Barcelona off the beaten path: El Laberinto de Horta
Travelers to Barcelona mostly stay on the beaten path, and barely venture outside of the safety of the Barri Gotic and Eixample. Said travelers are missing a lot, because Barcelona has a lot more to offer in terms of activities and cuisine than just the obvious in the Centro.
Spain’s El Mundo newspaper has a feature today which explores Spain’s most beautiful gardens AND where to eat when visiting them. One of the picks, not surprisingly, is in good old BCN, but in an area that the average traveler never sees: Horta.
Horta is a neighborhood to the north of the Gracia district which, like Gracia, was once a town of its own. Horta means “small farm” in Catalan, and one can imagine that this was once a very green area.

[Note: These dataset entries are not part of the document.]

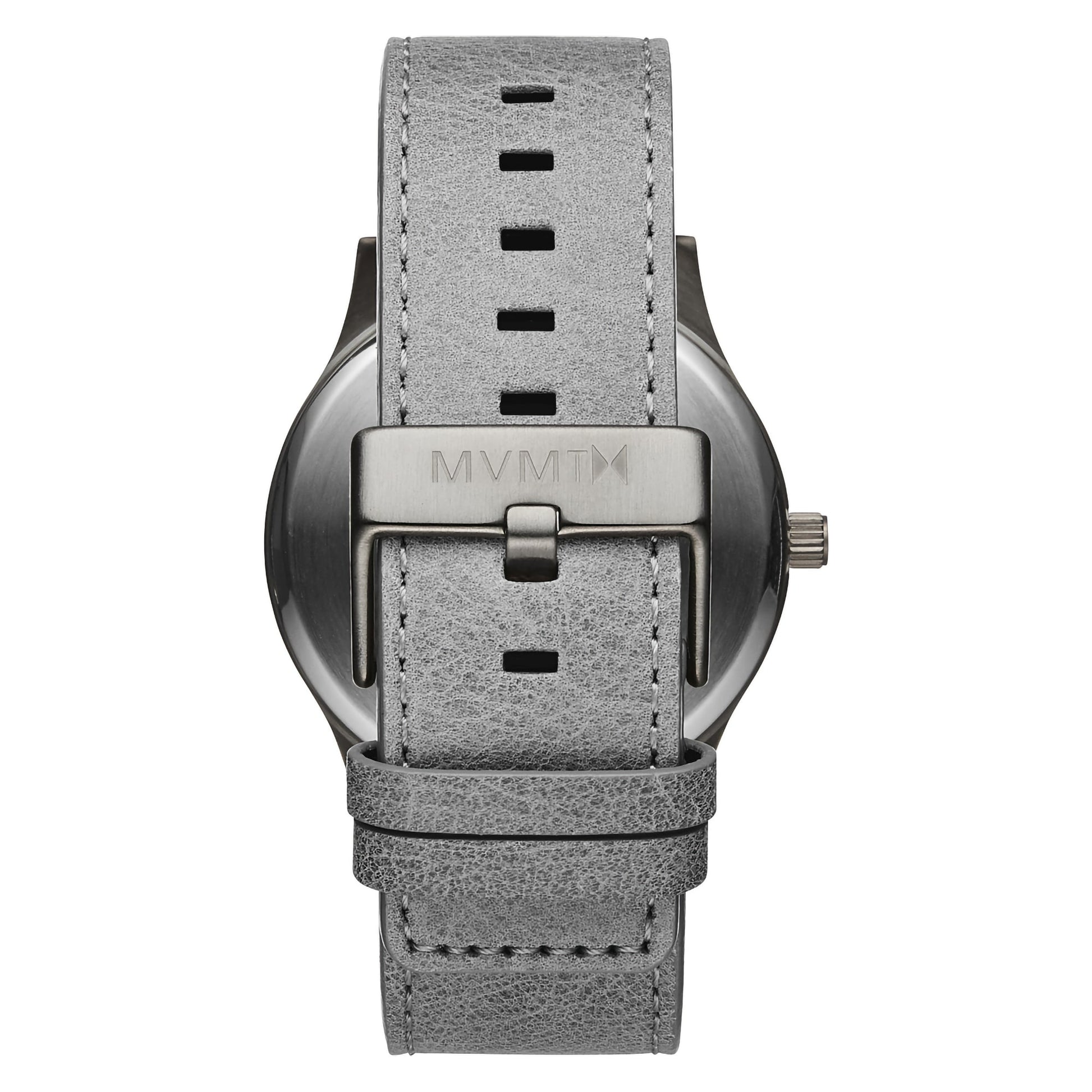 Gray leather band with Japanese quartz; steel clasp engraved "MVMT." MVMT Classic Monochrome watch face not visible.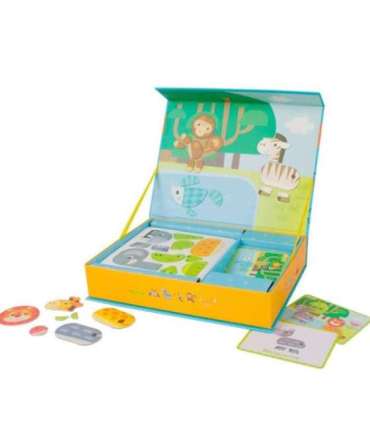 CLASSIC WORLD Układanka Magnetyczna Zwierzęta Tablica Klocki Puzzle Pamięć 60 el.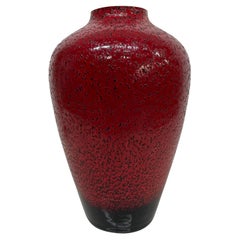 1980s Stuart Strathearn Dark Crystal Studio Glass Vase Red Textured, England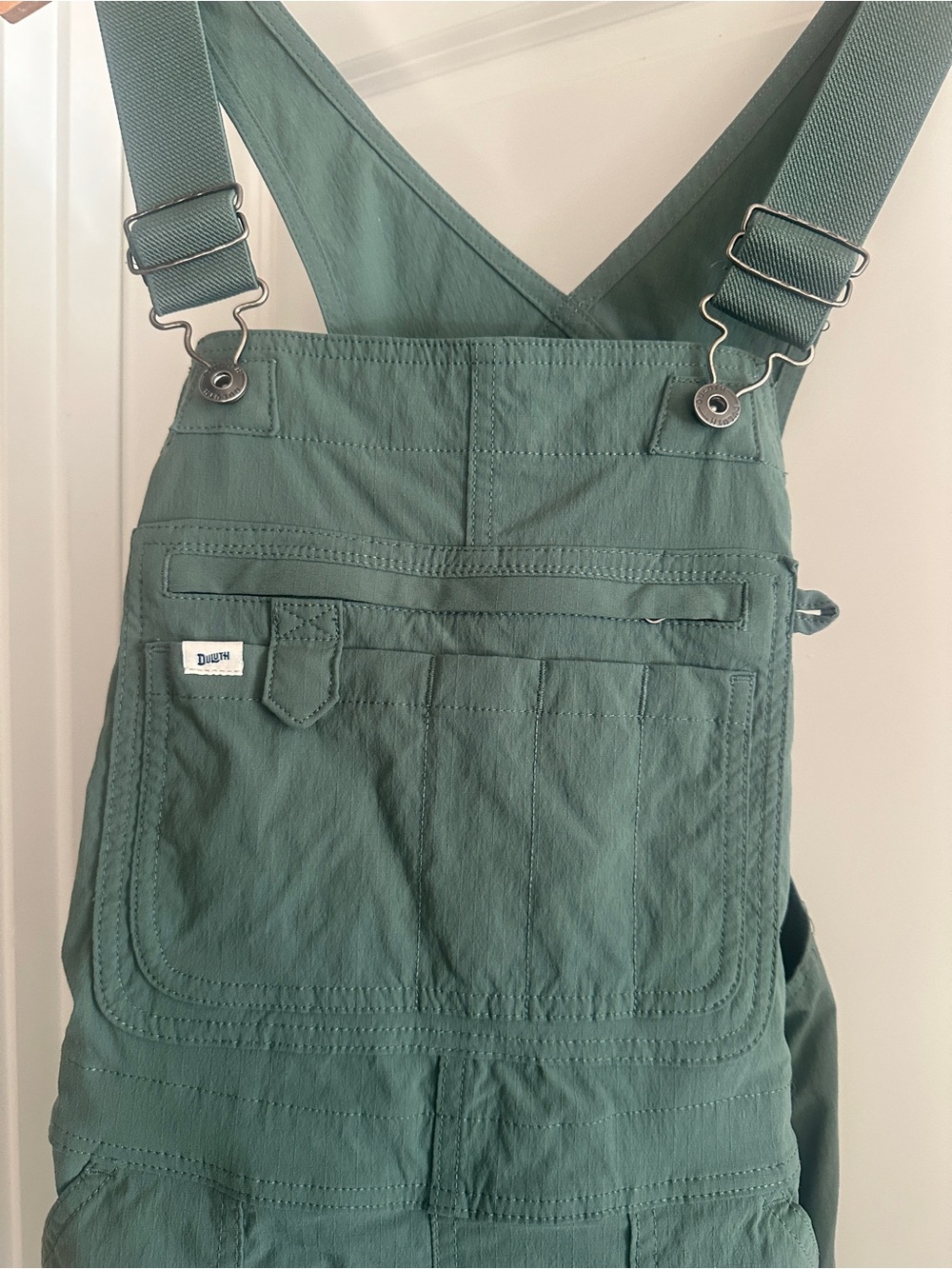 Duluth Green Utility Bib Overalls Shorts - Picture 2 of 7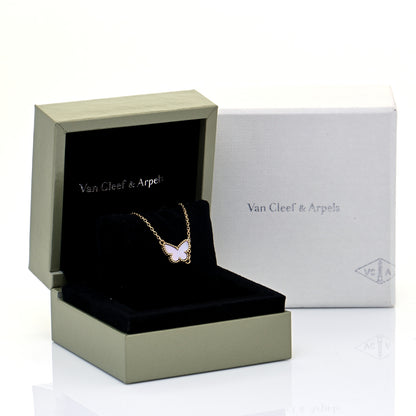 Van Cleef & Arpels 18K Yellow Gold Mother of Pearl Sweet Alhambra Butterfly Bracelet 9 of 9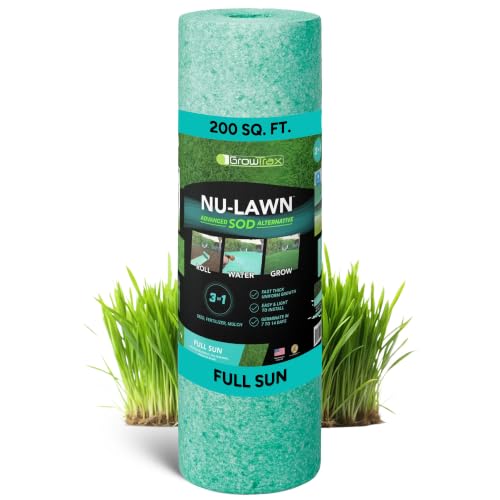 Growtrax Biodegradable Grass Seed Mat - 200 Sq Ft Kentucky Blue & Rye Blend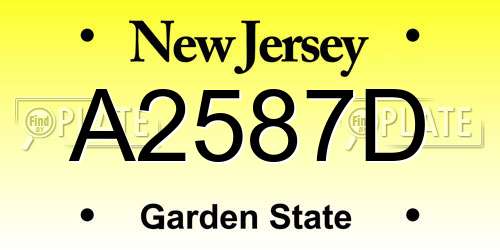 A2587D New Jersey License Plate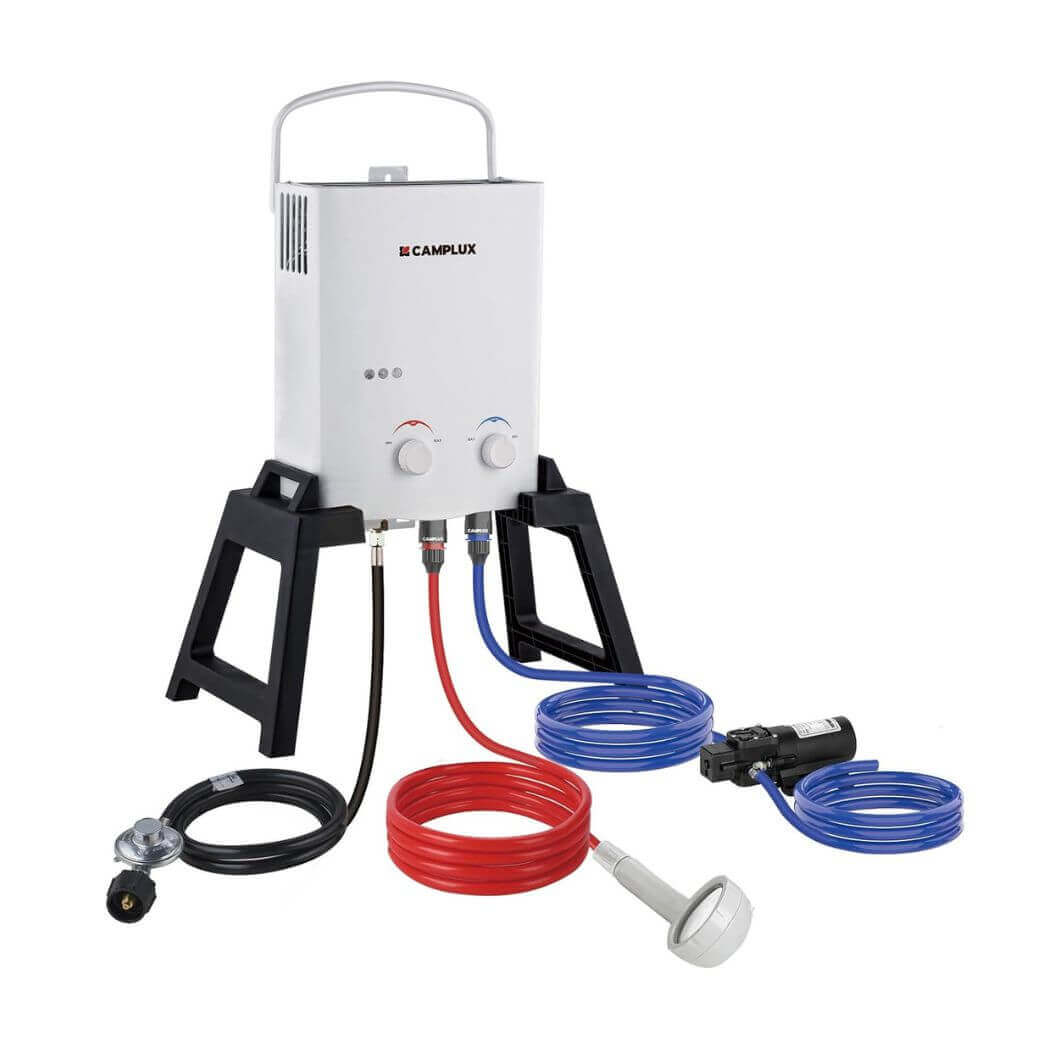 Camplux AY132GMAX Portable Propane Water Heater, Pump Stand Kit
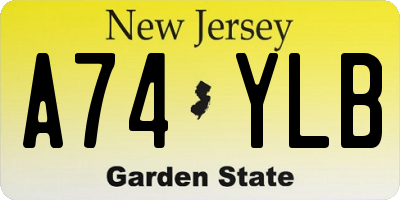 NJ license plate A74YLB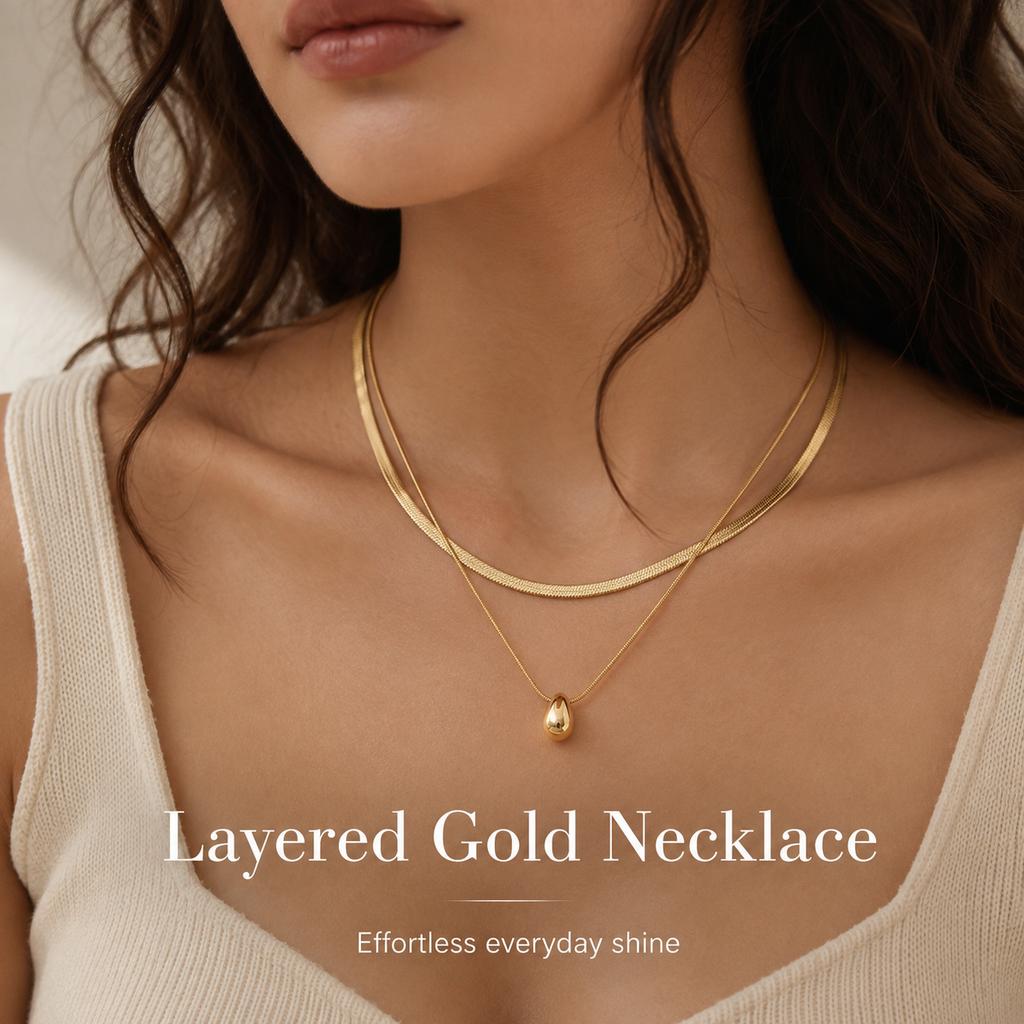 Gold Layered Herringbone Necklace for Women, 2-in-1 Double Chain Teardrop Pendant Necklace, Waterproof Hypoallergenic Stainless Steel Stackable Choker Jewelry
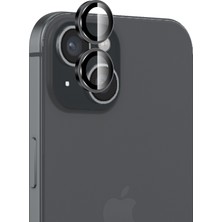 Bix iPhone 15 / 15 Plus Safir Lens Koruyucu 3D Kamera Camı 9h Premium Lens Kapağı Siyah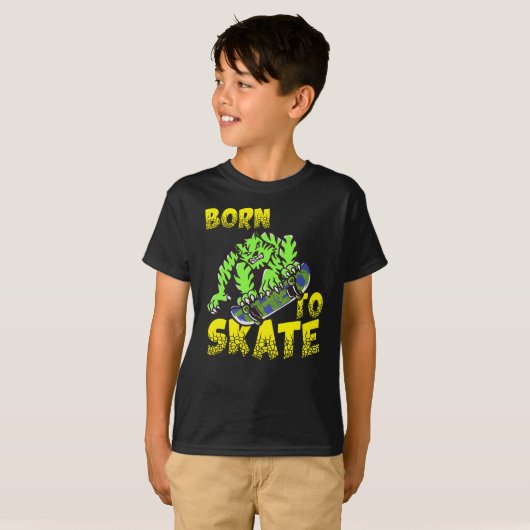 BORN TO SKATE - Tiger Cat On Skateboard Tシャツ (正面フル)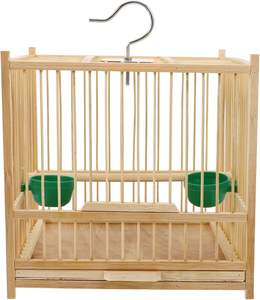 Papağan kafes 1 takım 8.06x8.06x8.06 inç bambu kuş kafesi: küçük papağan kafes asılı kanca ve tepsi ile Retro için - Product Image 6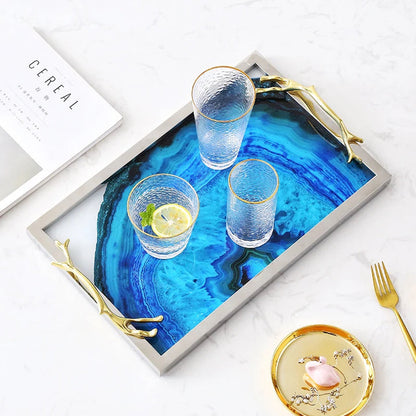 Plateau en Agate Bleue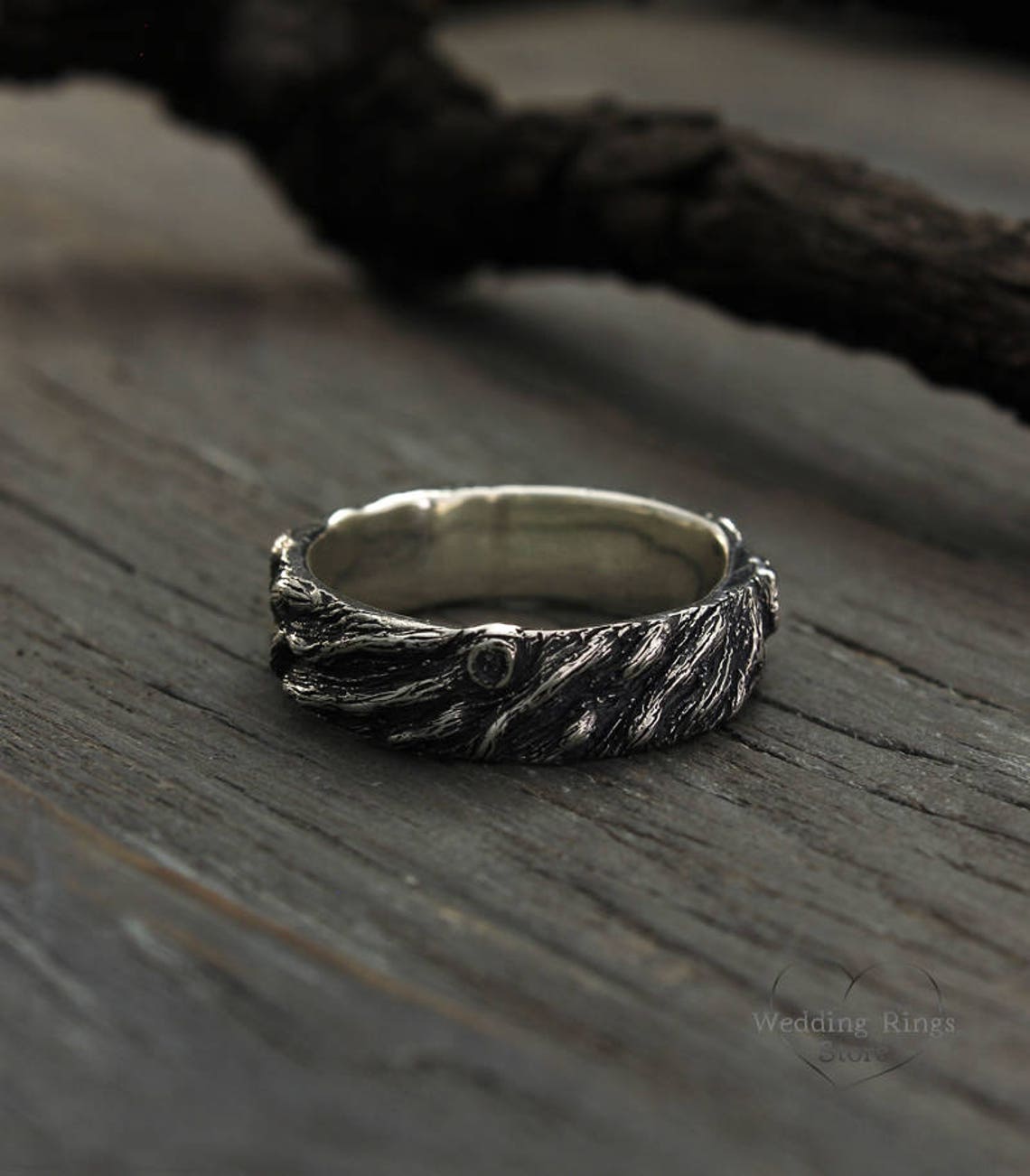 Oxidized Silver Tree bark Men's Large Wedding Band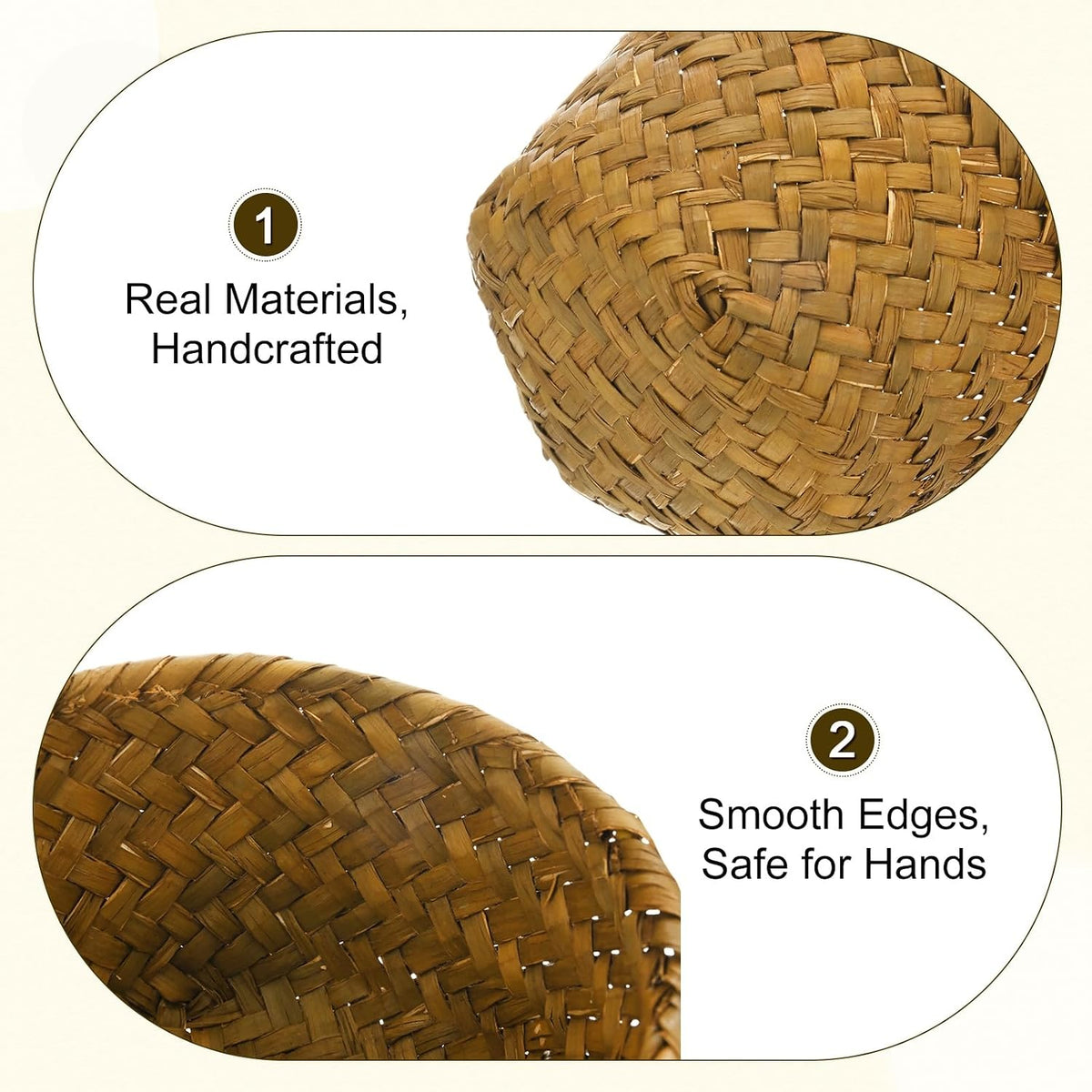 Mini Round Seagrass Baskets – Set of 3 – handwoven seagrass close-up
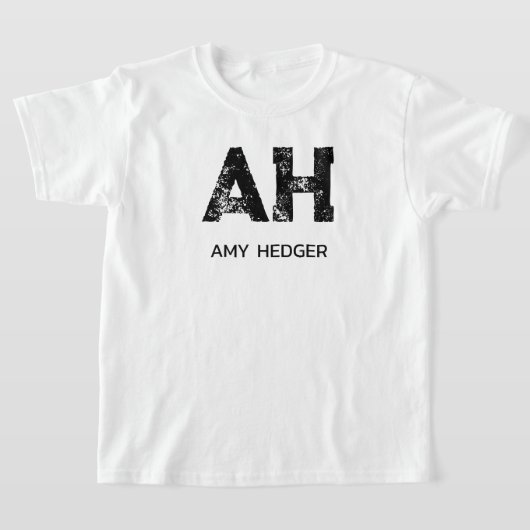 MINIMALIST BLACK TWO LETTER MONOGRAM NAME WHITE T-SHIRT (Laagn)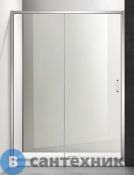 Душевая дверь Aquatek Ария AQNAA6121-100 1000x2000, двухэлементная, раздвижная, профиль хром, стекло прозрачное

The attraction suggested by El Mundo is El Laberinto de Horta:
It’s the oldest garden in Barcelona and a magnificent example of the neoclassical style of the 18th Century. In the middle of the 19th Century is was expanded and romantic touches were added, including a deep canal which allows one to tour this “oasis of life” by canoe.
The palace [located on the grounds] is also from the same period and its neoarabic and neogothic elements contrast with the Italian style of the florid spaces constructed in the years prior.
The most important part of this estate is the amazing labyrinth of vegetation, formed by cutting Cypress trees, which offers several different routes where one can admire statues, terracotta pottery, pergolas, numerous fountains and, most importantly, the exuberant vegetation that makes your visit one of constant enjoyment.
El Mundo recommends eating lunch in one of two nearby restaurants:
Can Travi Nou. Carrer Jorge Manrique (no address- located in Parc de la Vall D’Hebron). 93 428 03 01 | 36 E. Traditional Catalan cuisine in an 18th Century rural home.
El Jardí de L’Apat. Carrer de Albert Llanas, 2. 93 210 21 43 | Panoramic views, gardens and lunch for around 20 euros.